• SUPPLIED ENTRIES:
== == ==

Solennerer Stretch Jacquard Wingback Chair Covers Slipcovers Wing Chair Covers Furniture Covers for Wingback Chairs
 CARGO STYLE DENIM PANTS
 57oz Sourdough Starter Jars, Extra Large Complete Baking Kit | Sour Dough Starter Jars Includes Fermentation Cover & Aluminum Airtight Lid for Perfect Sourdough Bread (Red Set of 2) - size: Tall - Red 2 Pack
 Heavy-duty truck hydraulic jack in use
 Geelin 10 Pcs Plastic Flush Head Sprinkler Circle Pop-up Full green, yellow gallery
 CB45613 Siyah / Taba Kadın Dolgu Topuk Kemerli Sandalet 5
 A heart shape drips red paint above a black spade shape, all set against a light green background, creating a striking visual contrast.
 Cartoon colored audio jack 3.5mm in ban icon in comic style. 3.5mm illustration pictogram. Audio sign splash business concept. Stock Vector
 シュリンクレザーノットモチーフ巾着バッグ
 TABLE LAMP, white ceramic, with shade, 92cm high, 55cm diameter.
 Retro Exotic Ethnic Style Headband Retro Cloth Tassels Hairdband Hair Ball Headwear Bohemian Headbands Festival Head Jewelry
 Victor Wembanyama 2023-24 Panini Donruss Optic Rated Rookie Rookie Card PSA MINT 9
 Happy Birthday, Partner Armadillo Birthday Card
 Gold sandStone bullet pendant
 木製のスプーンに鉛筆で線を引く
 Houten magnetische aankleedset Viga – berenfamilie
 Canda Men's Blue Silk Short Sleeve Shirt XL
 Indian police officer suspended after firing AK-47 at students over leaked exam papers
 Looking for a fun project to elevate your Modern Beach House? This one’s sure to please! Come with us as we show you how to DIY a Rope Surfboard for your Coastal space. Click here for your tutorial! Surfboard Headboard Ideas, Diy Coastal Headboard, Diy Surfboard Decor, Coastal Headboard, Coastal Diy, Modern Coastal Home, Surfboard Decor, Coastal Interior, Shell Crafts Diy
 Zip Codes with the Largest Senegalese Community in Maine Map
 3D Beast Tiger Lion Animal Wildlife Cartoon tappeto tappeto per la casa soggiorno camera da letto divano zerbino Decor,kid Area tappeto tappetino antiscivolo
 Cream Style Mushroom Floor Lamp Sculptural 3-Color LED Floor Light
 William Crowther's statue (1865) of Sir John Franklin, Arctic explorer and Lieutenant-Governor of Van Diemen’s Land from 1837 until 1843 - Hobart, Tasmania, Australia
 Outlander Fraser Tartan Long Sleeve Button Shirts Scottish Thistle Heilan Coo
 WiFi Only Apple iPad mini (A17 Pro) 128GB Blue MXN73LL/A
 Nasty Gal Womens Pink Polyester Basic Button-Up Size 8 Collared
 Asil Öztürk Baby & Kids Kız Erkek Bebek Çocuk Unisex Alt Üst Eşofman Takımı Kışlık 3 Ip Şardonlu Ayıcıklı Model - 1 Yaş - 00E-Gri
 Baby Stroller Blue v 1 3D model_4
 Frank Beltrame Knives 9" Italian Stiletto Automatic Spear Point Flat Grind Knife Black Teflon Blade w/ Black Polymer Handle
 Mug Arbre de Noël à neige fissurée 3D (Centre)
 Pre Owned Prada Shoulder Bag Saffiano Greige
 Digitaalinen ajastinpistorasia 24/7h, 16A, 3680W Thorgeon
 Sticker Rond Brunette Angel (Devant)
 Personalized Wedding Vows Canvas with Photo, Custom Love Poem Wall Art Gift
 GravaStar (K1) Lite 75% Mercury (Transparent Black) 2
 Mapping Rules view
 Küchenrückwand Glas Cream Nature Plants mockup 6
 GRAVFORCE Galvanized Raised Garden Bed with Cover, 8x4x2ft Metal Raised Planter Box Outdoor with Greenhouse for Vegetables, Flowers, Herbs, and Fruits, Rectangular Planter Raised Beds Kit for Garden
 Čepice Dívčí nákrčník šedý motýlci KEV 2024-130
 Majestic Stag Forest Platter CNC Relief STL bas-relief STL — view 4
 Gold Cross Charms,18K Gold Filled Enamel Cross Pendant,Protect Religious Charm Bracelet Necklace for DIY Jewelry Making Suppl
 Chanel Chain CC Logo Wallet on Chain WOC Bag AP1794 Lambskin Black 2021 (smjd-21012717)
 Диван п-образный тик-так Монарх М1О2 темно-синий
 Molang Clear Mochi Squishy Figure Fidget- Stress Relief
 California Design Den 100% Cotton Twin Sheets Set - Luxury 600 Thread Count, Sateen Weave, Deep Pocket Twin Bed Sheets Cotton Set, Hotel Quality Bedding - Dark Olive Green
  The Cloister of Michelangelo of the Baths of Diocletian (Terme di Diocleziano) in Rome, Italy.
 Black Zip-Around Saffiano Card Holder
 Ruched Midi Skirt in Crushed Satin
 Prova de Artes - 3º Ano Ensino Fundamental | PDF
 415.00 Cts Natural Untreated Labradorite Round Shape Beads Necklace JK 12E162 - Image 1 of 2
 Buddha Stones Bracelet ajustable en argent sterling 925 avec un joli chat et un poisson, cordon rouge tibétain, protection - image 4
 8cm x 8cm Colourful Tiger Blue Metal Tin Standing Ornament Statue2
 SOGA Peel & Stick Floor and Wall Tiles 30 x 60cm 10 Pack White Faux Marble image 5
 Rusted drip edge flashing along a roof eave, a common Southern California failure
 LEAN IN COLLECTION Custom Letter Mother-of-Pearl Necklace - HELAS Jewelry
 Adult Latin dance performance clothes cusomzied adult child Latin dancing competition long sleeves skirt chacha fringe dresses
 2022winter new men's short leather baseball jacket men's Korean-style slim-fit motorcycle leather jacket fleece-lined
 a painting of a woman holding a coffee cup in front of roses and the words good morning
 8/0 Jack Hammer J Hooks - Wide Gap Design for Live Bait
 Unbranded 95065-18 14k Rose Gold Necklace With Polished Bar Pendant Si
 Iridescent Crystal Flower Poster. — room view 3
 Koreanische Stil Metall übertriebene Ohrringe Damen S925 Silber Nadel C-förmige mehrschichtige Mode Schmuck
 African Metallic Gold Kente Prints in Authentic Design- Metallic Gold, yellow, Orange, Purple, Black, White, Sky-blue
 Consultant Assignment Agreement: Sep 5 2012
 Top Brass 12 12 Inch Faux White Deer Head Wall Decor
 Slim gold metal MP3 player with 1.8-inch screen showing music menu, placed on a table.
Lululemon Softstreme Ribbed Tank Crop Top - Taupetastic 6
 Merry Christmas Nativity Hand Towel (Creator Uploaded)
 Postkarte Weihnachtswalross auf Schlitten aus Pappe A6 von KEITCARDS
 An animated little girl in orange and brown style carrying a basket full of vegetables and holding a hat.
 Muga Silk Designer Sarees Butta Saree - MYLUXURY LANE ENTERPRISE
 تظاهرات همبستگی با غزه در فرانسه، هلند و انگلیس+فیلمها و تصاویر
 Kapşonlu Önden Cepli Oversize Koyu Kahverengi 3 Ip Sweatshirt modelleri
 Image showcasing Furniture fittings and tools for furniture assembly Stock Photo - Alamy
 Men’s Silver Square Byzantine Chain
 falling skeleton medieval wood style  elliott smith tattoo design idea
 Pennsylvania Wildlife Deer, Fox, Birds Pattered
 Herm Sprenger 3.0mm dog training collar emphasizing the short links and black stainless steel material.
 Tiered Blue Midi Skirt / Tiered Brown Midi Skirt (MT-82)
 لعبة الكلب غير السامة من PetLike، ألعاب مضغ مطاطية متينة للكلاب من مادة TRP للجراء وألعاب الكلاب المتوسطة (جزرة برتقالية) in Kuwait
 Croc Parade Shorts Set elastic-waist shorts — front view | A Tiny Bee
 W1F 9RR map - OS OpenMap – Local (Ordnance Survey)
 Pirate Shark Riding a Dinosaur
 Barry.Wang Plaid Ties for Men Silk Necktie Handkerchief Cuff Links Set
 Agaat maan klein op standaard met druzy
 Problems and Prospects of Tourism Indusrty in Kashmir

== == ==

• DIRECTIONS: The first line of the records and every line down to the line with "Indian police officer" must be quoted exactly; leave out all else.

• SOLUTION TO THE EXERCISE:
Solennerer Stretch Jacquard Wingback Chair Covers Slipcovers Wing Chair Covers Furniture Covers for Wingback Chairs
 CARGO STYLE DENIM PANTS
 57oz Sourdough Starter Jars, Extra Large Complete Baking Kit | Sour Dough Starter Jars Includes Fermentation Cover & Aluminum Airtight Lid for Perfect Sourdough Bread (Red Set of 2) - size: Tall - Red 2 Pack
 Heavy-duty truck hydraulic jack in use
 Geelin 10 Pcs Plastic Flush Head Sprinkler Circle Pop-up Full green, yellow gallery
 CB45613 Siyah / Taba Kadın Dolgu Topuk Kemerli Sandalet 5
 A heart shape drips red paint above a black spade shape, all set against a light green background, creating a striking visual contrast.
 Cartoon colored audio jack 3.5mm in ban icon in comic style. 3.5mm illustration pictogram. Audio sign splash business concept. Stock Vector
 シュリンクレザーノットモチーフ巾着バッグ
 TABLE LAMP, white ceramic, with shade, 92cm high, 55cm diameter.
 Retro Exotic Ethnic Style Headband Retro Cloth Tassels Hairdband Hair Ball Headwear Bohemian Headbands Festival Head Jewelry
 Victor Wembanyama 2023-24 Panini Donruss Optic Rated Rookie Rookie Card PSA MINT 9
 Happy Birthday, Partner Armadillo Birthday Card
 Gold sandStone bullet pendant
 木製のスプーンに鉛筆で線を引く
 Houten magnetische aankleedset Viga – berenfamilie
 Canda Men's Blue Silk Short Sleeve Shirt XL
 Indian police officer suspended after firing AK-47 at students over leaked exam papers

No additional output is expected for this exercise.